# [What is being asked]
Each record should appear again in the response exactly as it does in the original.
|---|
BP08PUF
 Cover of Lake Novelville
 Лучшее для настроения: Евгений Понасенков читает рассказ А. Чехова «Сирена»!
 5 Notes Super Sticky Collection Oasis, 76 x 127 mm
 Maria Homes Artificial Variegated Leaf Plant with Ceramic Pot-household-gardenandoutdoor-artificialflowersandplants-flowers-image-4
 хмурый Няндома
|---|
# [Exercise answer]
BP08PUF
 Cover of Lake Novelville
 Лучшее для настроения: Евгений Понасенков читает рассказ А. Чехова «Сирена»!
 5 Notes Super Sticky Collection Oasis, 76 x 127 mm
 Maria Homes Artificial Variegated Leaf Plant with Ceramic Pot-household-gardenandoutdoor-artificialflowersandplants-flowers-image-4
 хмурый Няндома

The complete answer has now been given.